GALPROP Code for Galactic Cosmic Ray Propagation and Associated Photon Emissions
I.V. Moskalenko*, G. Johannesson and T.A. Porter
Pre-published on:
July 22, 2019
Published on:
July 02, 2021
Abstract
The last decade brought spectacular advances in the astrophysics of cosmic rays (CRs) and gamma-ray astronomy. These observations pose a considerable challenge to conventional astrophysics thus leaving an ample discovery space for new phenomena. Understanding the conventional astrophysical backgrounds is vital in moving to the new territory. The state-of-the-art CR propagation code called GALPROP is designed to address exactly this challenge.
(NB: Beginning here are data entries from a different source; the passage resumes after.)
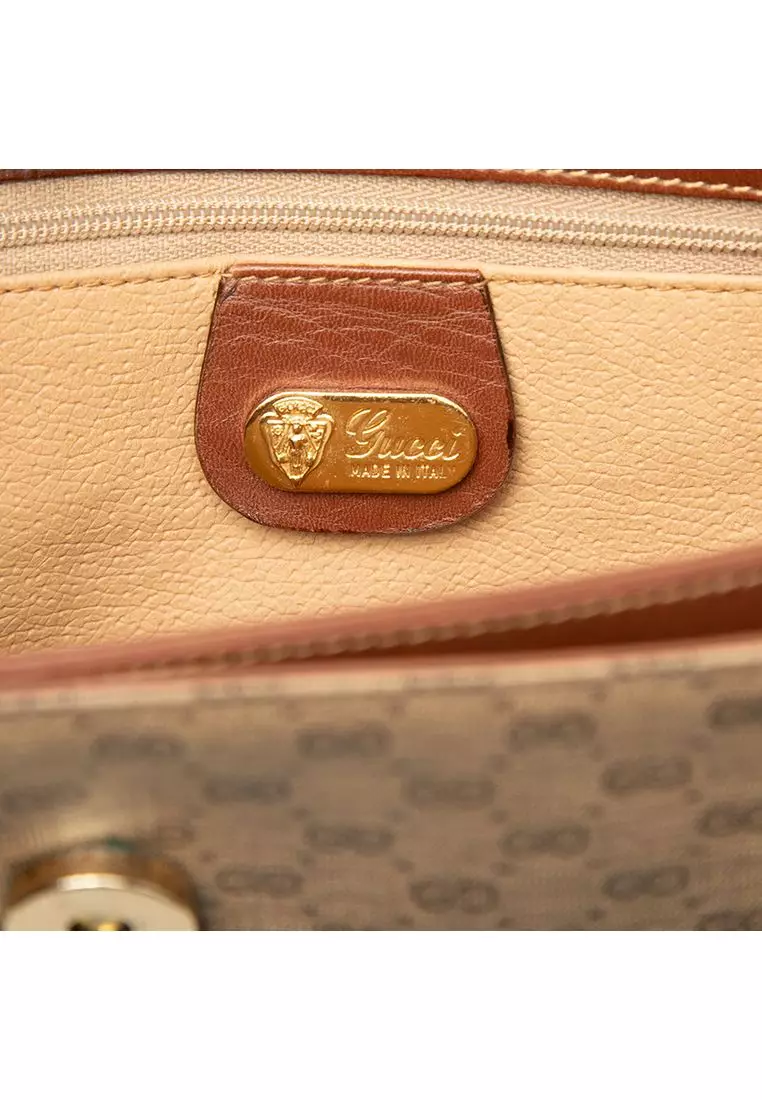 Pre-Loved Gucci Micro Gg Supreme Shoulder Bag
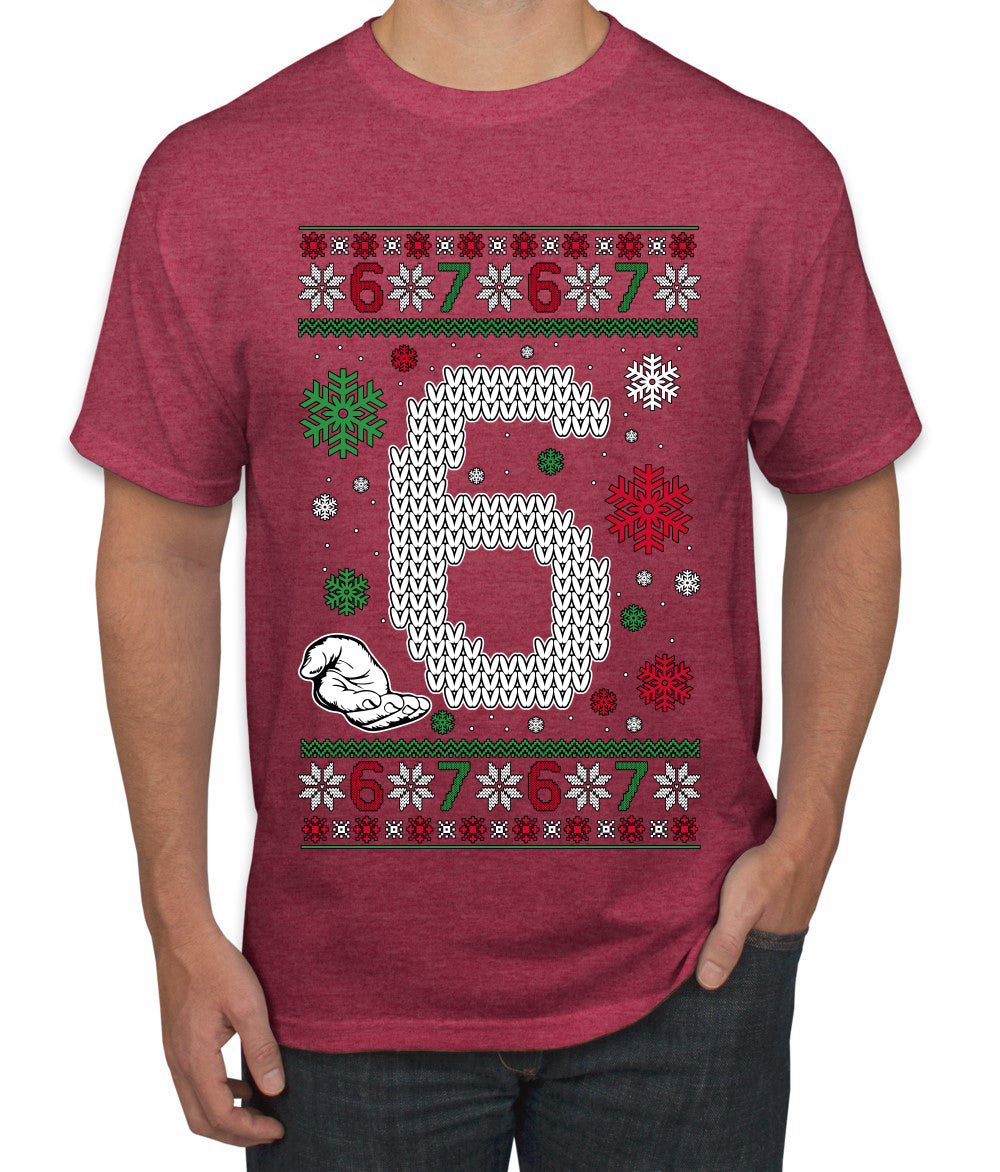 Christmas 6 Meme, Ugly Christmas Sweater Unisex Men's T-Shirt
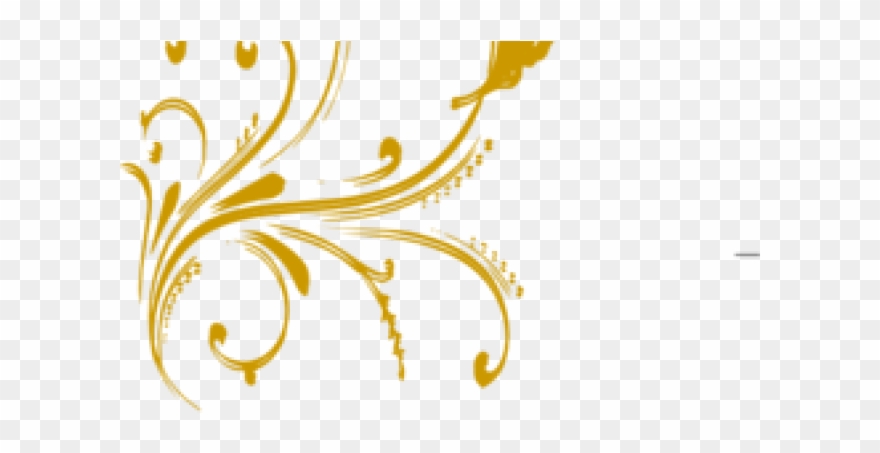 Butterfly Design Clipart Gold - Border Design Pink Butterfly - Png Download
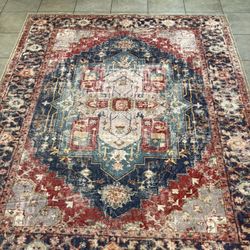 Persian Style 8x10 Washable Area Rug 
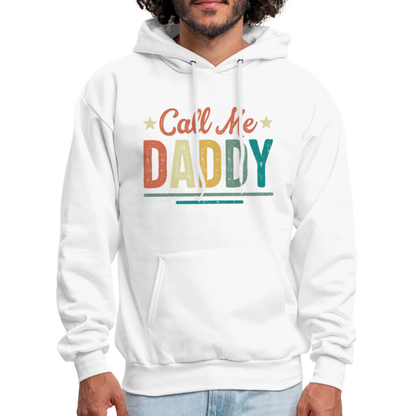 Call Me Daddy - Men's Hoodie - white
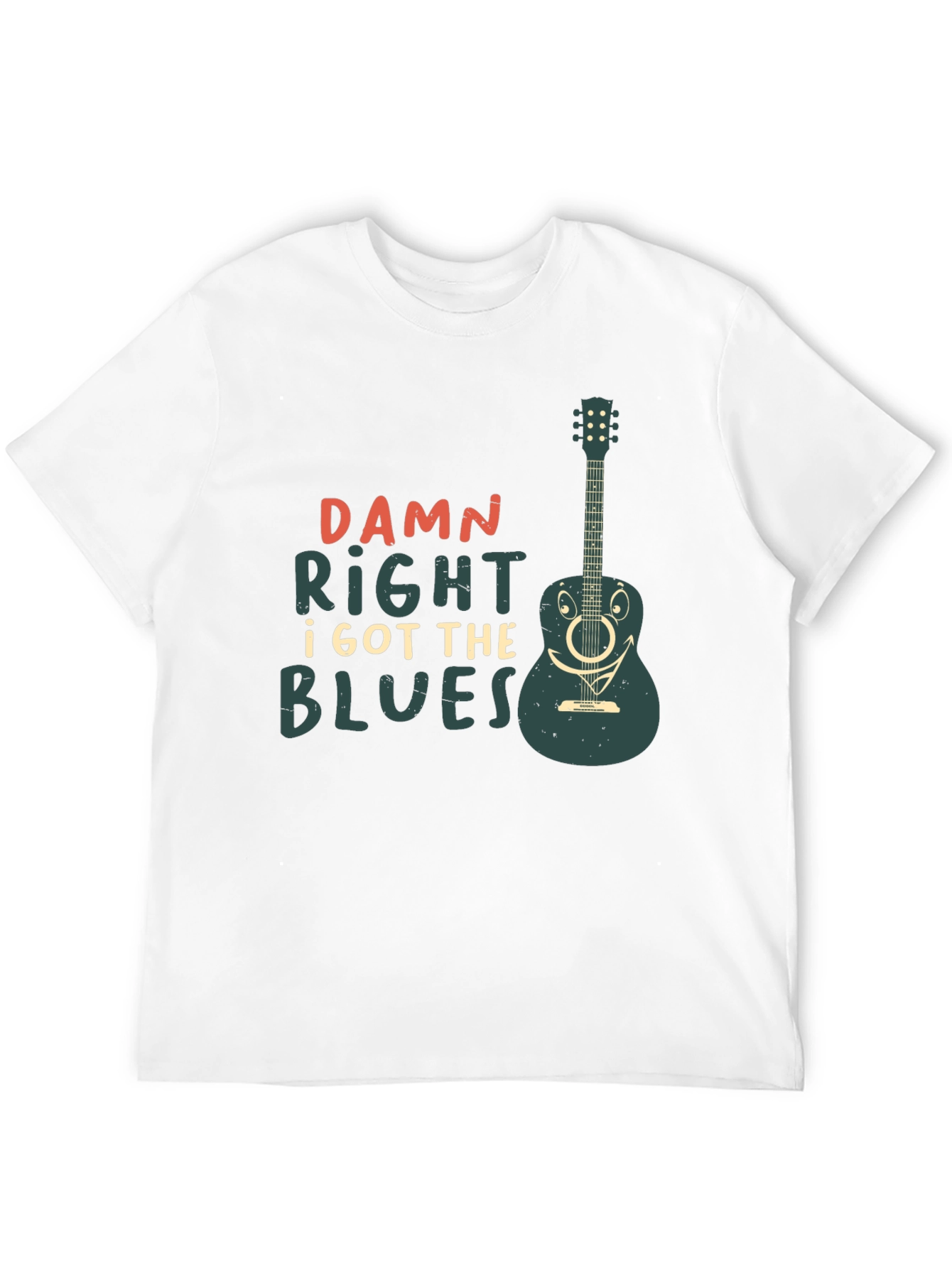 Damn Right I Got The Blues Guitar T-Shirt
Having 23 years of development behind it, the GALPROP code has become a de-facto standard in astrophysics of CR, diffuse gamma rays, and searches of new physics. The GALPROP code uses information from astronomy, particle, and nuclear physics to predict CRs, gamma rays, synchrotron emission and its polarization in a self-consistent manner - it provides the modeling code unifying the many results of individual measurements in physics and astronomy spanning in energy coverage, types of instrumentation, and the nature of detected species. The range of physical validity of the GALPROP code covers sub-keV - PeV energies for particles and from micro-eV - PeV for photons. The GALPROP framework includes the code and independently developed datasets, such as interstellar gas (H2, HI, HII), radiation and magnetic fields distributions as well as the nuclear and particle production cross sections. The code and the datasets are public and are extensively used by many experimental collaborations, and by thousands of individual researchers worldwide for interpretation of their data and for making predictions. We will present latest updates to the GALPROP framework that improve its accuracy and capabilities and will discuss its applications. As always, the latest release of the code and datasets is available through the WebRun, a service to the scientific community enabling easy use of the GALPROP via web browsers.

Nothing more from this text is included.